Na noite de segunda-feira, 23, a filial brasileira da montadora BYD anunciou a rescisão do contrato com a empresa terceirizada Jinjiang Construction Brazil Ltda., responsável pela construção da fábrica de carros elétricos em Camaçari, na Bahia. A decisão veio após o resgate de 163 operários chineses que trabalhavam em condições análogas à escravidão.
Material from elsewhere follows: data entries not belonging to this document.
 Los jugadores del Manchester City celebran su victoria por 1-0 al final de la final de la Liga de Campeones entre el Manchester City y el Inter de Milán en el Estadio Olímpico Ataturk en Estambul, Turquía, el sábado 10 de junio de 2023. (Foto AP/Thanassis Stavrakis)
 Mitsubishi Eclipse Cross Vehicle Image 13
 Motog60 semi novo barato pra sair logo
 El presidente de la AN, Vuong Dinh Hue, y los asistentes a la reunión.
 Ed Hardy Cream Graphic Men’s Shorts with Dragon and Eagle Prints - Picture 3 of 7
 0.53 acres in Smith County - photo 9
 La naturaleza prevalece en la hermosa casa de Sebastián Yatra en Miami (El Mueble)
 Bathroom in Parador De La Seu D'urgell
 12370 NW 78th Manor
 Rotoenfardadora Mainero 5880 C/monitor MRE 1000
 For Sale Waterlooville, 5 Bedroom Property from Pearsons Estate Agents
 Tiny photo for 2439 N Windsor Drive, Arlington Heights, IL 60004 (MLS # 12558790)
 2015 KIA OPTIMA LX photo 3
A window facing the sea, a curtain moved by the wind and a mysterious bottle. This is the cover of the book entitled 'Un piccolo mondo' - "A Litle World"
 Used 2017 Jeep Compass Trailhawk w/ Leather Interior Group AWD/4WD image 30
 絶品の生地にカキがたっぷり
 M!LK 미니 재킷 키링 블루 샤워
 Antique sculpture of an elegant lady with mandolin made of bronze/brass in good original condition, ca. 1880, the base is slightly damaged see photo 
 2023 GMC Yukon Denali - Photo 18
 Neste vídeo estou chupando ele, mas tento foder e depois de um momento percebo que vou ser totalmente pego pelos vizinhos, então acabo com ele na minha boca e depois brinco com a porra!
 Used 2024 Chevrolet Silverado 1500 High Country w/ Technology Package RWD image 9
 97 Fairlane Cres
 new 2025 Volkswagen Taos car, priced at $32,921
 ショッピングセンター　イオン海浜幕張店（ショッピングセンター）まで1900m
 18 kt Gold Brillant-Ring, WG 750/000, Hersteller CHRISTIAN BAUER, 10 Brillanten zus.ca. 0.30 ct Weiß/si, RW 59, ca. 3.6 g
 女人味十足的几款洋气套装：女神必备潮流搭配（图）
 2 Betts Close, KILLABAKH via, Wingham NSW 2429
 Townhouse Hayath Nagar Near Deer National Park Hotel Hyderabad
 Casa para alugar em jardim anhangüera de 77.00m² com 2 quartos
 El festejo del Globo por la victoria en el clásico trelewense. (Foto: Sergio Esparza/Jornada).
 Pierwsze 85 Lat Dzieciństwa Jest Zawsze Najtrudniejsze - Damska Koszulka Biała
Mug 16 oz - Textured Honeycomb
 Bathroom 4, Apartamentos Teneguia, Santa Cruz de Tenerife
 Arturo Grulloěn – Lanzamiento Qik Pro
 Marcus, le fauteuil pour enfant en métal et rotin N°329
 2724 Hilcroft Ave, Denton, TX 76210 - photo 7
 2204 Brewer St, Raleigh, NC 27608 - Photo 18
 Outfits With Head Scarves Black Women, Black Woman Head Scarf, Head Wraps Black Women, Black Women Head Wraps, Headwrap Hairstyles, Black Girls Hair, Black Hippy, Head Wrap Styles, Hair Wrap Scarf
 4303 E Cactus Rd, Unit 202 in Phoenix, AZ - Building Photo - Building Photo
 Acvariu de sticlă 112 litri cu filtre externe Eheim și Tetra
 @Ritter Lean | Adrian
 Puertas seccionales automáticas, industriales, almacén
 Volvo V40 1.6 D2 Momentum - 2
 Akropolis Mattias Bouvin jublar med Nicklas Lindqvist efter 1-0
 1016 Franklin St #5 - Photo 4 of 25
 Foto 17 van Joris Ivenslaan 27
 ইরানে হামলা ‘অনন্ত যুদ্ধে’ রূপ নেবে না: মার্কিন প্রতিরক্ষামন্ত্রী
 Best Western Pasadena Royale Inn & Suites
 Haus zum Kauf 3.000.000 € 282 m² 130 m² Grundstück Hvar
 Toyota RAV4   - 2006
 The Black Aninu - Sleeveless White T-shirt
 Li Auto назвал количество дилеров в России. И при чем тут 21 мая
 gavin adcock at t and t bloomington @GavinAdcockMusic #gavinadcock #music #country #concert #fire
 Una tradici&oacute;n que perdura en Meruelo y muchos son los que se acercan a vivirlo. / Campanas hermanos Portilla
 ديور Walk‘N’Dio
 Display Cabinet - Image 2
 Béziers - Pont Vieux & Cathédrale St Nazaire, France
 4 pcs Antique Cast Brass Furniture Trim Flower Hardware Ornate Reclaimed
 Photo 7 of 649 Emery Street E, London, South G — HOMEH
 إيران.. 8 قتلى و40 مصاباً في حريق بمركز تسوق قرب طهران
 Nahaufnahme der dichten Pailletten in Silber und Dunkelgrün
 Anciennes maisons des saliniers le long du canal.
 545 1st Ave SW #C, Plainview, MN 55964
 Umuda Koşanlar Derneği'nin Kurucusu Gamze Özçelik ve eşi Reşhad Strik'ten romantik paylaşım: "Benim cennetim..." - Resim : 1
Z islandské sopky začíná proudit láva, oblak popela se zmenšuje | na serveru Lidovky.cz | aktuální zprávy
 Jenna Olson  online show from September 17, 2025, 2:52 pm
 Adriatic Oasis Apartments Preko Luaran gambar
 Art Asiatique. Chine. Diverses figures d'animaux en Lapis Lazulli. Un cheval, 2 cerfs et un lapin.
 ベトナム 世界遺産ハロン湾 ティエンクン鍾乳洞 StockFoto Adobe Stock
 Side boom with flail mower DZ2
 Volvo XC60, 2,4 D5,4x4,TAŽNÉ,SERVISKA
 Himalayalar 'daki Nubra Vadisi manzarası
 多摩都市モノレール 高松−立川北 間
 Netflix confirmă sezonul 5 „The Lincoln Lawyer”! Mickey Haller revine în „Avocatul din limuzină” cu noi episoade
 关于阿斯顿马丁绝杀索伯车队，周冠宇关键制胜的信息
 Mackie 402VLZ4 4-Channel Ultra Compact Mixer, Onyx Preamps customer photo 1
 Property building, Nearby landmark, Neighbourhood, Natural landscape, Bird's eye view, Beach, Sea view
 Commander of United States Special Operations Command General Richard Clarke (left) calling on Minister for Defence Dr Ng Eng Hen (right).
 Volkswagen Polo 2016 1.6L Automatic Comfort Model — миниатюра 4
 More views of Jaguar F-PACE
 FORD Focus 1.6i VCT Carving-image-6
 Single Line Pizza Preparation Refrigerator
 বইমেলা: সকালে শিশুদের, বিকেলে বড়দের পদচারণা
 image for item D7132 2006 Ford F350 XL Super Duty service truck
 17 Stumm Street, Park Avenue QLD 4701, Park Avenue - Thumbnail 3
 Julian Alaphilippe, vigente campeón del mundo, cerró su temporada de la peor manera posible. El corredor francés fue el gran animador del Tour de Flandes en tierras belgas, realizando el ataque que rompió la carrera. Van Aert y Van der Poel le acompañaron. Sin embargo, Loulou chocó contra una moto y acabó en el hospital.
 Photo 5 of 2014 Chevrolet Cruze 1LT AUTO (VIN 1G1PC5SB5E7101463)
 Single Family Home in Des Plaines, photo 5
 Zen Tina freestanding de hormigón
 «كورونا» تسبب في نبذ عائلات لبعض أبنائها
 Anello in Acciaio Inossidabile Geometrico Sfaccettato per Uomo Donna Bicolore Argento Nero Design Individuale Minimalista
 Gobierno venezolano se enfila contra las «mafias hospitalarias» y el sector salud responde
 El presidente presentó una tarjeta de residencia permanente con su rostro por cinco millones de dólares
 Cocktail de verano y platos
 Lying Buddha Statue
As obras, que incluem a construção da maior fábrica de carros elétricos da BYD fora da Ásia, foram parcialmente suspensas por determinação do Ministério Público do Trabalho (MPT) da Bahia. Desde novembro, o MPT, juntamente com outras agências governamentais, realizou verificações que identificaram as graves irregularidades na empresa terceirizada Jinjiang.

Força-tarefa

Uma força-tarefa composta pelo MPT, Ministério do Trabalho e Emprego (MTE), Defensoria Pública da União (DPU) e Polícia Rodoviária Federal (PRF), além do Ministério Público Federal (MPF) e Polícia Federal (PF), resgatou os 163 trabalhadores e interditou os trechos da obra sob responsabilidade da Jinjiang.

A BYD Auto do Brasil afirmou que “não tolera o desrespeito à dignidade humana” e transferiu os 163 trabalhadores para hotéis da região. A empresa reiterou seu compromisso com o cumprimento integral da legislação brasileira, especialmente no que se refere à proteção dos direitos dos trabalhadores.

Uma audiência foi marcada para esta quinta-feira, 26, para que a BYD e a Jinjiang apresentem as providências necessárias à garantia das condições mínimas de alojamento e negociem as condições para a regularização geral do que já foi detectado.

O Ministério das Relações Exteriores da China afirmou que sua embaixada e consulados no Brasil estão em contato com as autoridades brasileiras para verificar a situação e administrá-la da maneira adequada. A porta-voz da diplomacia chinesa, Mao Ning, em Pequim, destacou que o governo chinês sempre deu a maior importância à proteção dos direitos legítimos e aos interesses dos trabalhadores, pedindo às empresas chinesas que cumpram a lei e as normas.